It’s rare to find an office cubicle totally devoid of desk toys. Even the neatest and tidiest workers among us feel the need to commune with their inner child during the day, and keeping a few bobbleheads and Rubik’s cubes around is easier than stuffing a full-size pony into their cube. (Also, more humane.)
Since you can never have too many cubicle toys, the editors of Desktop Engineering decided to create a contest to inspire the creation of all-new gadgets to keep us entertained. There were over 80 submissions. Here are the three finalists, and ultimately, the winner. Please note that the runners up weren’t ranked, so you can pretty much consider them both in tie for second place.
3. Ray Kelley’s Bottle Cap Blaster
Finally, something to do with all those water bottle caps that have been littering your cubicle. The Bottle Cap Blaster was designed to be cheeky, but non-lethal — something those of us who have experienced high-powered homemade slingshots around the office can appreciate.
Its creator, Ray Kelley, described his plan thusly, “I set out to create a fun, cool cross bow-type toy with enough attention to detail that it might actually be made and used without serious injury … Overall, most elements amuse and annoy, and hopefully others will inspire and maybe even amaze.”
2. Jason Cox’s Remote Control Mouse
This is legitimately one of the funniest ideas we’ve heard in a long while: the Remote Control Mouse, as you might have guessed, allows a remote user to control the primary user’s mouse clicks.

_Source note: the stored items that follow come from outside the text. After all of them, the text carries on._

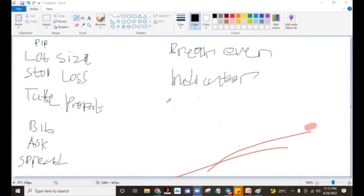We have stop loss — this is the ability to set up an area or a zone where price has to get to and stop taking losses from your account. And you have take profit, which is a zone where price would have to get to and take your profits off the markets for you automatically.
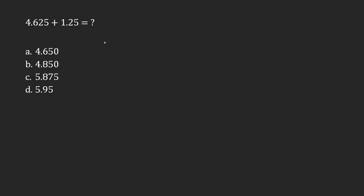4.625 plus 1.25. If you have a calculator and you have to work out what that addition equals, then you'll type it in and you'll get that the answer is 5.875.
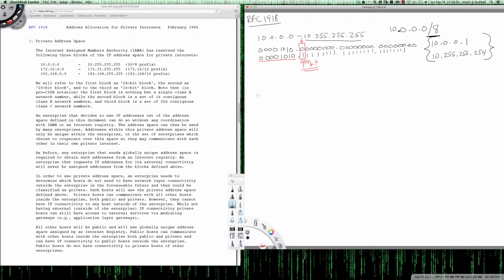Now let's take a look at the second range. There's a lot more going on here with the 172 range. The start is 172.16.0.0 and the range goes to 172.31.255.255.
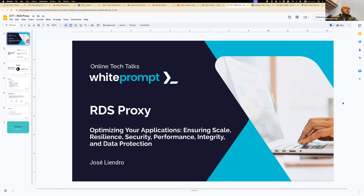Welcome. I will talk about the RDS proxy and discuss how to optimize your application. The RDS proxy will be our main topic, covering different aspects to ensure the scaling process, resilience, security, performance, and data integrity.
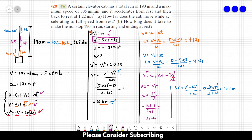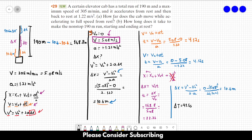Summing everything up: 4.17 + 4.17 + 33.2 seconds, we find that the total Δt is equal to 41.5 seconds. This is the answer to Letter B.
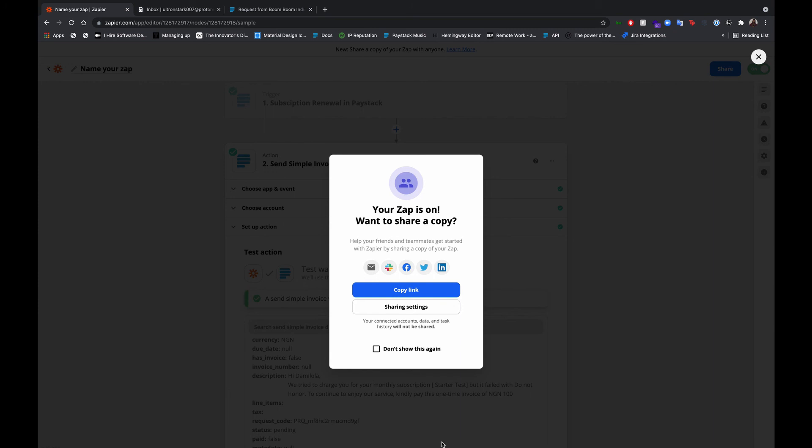This video is also part of a series. We have other videos showing you interesting ways to set up business automations using the Paystack Zapier integration. If you have any questions or you're having issues setting up your own automation, please reach out to support@paystack.com or reach out directly from your dashboard and we will be happy to help. Have a lovely day now. Bye.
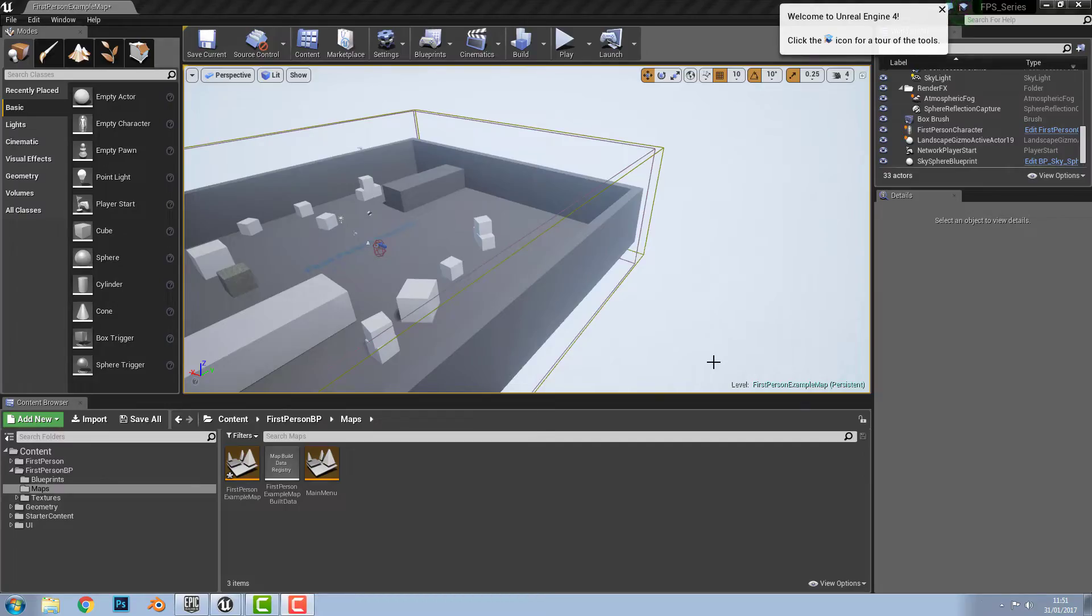Okay, so for creating a landscape you want to create a new map and open it up. We already have this map opened up so we're not going to do that.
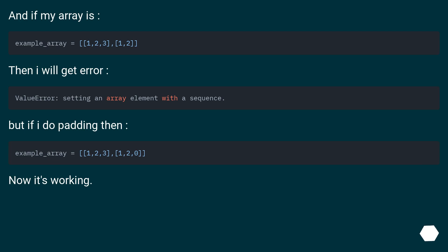And if my array is irregular, then I will get the error. But if I do padding, then it's working.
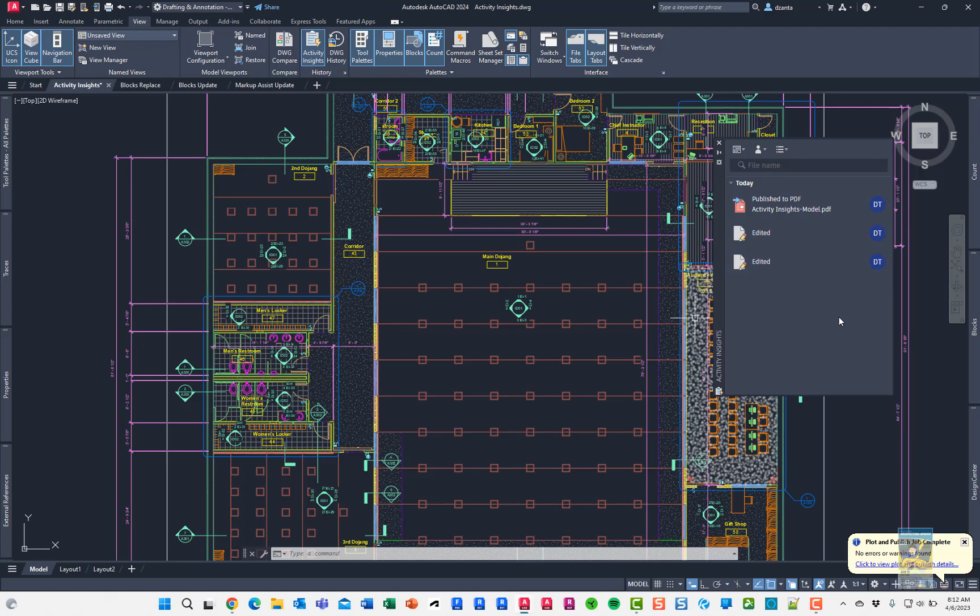And that's it for the Activity Insights portion of AutoCAD 2024. Watch out for other videos coming for additional 2024 What's New features. Thank you very much for watching.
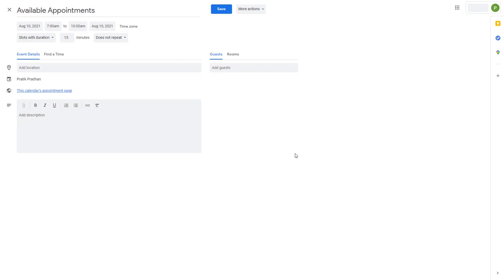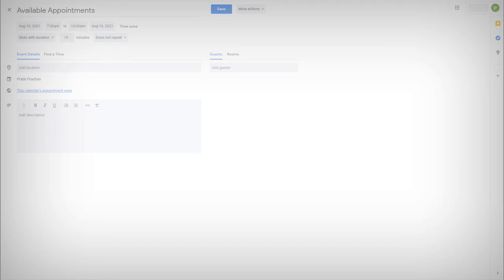That is how you can create appointment slots to be used with Google Calendar. If you guys learned something, as always please like, comment, share and subscribe.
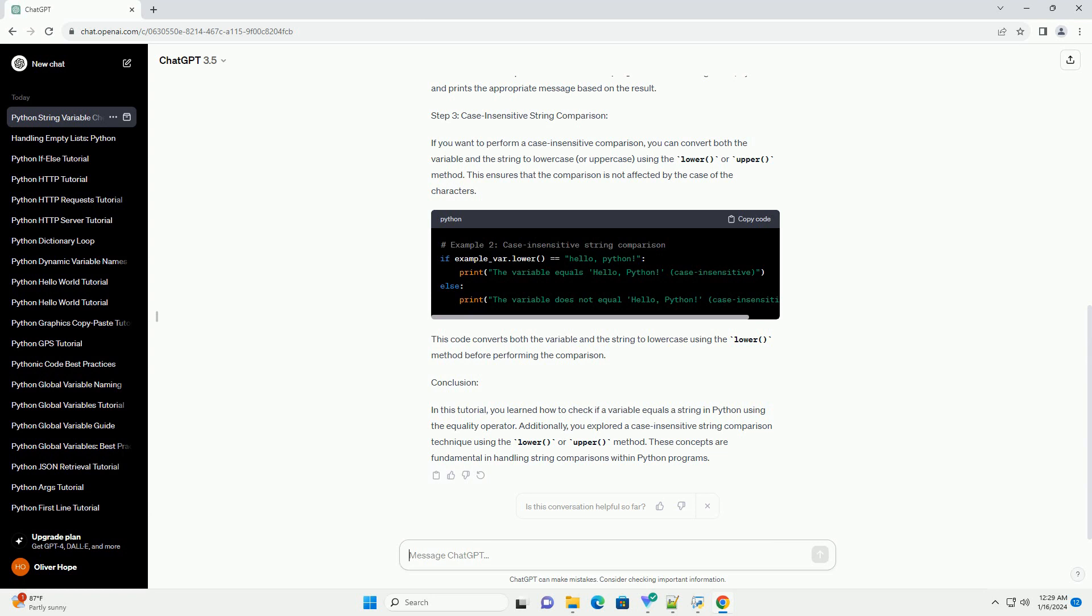Step 3: Case Insensitive String Comparison. If you want to perform a case insensitive comparison, you can convert both the variable and the string to lowercase or uppercase using the lower or upper method. This ensures that the comparison is not affected by the case of the characters.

The mental picture this creates is probably almost as good as the actual experience of watching someone use it.
Contest judge Josh Mings said, “I can picture team-building experiments where one team tries to protect the RC Mouse and the other team tries to kick it through the office manager’s plant … a very valuable part of building a functional company culture.”
1. Mark Norwood’s Water Spraying Tank
And the winner is Mark Norwood, with a water-spraying Sherman tank. The tank itself is a toy you can purchase at any toy store, but Norwood outfitted it with a water tube that will make tormenting coworkers easier (and damper) than ever before.
Judge Tony Lockwood said, “Each gentlemen is a winner in my book. All have proven themselves disruptive technologists, impish pranksters, and ingenious beyond compute. And, of course, all meet and exceed the Robbins Razz requirement for tormenting your cube mates [a test inspired by the way executive editor Steve Robbins makes a beloved canine companion chase a laser pointer’s light].”
Lockwood and the other judges said that the detailed modeling in Norwood’s drawing helped him win the prize, a Dell Precision Workstation with professional AMD FirePro graphics (retail value estimated at more than $5,000.)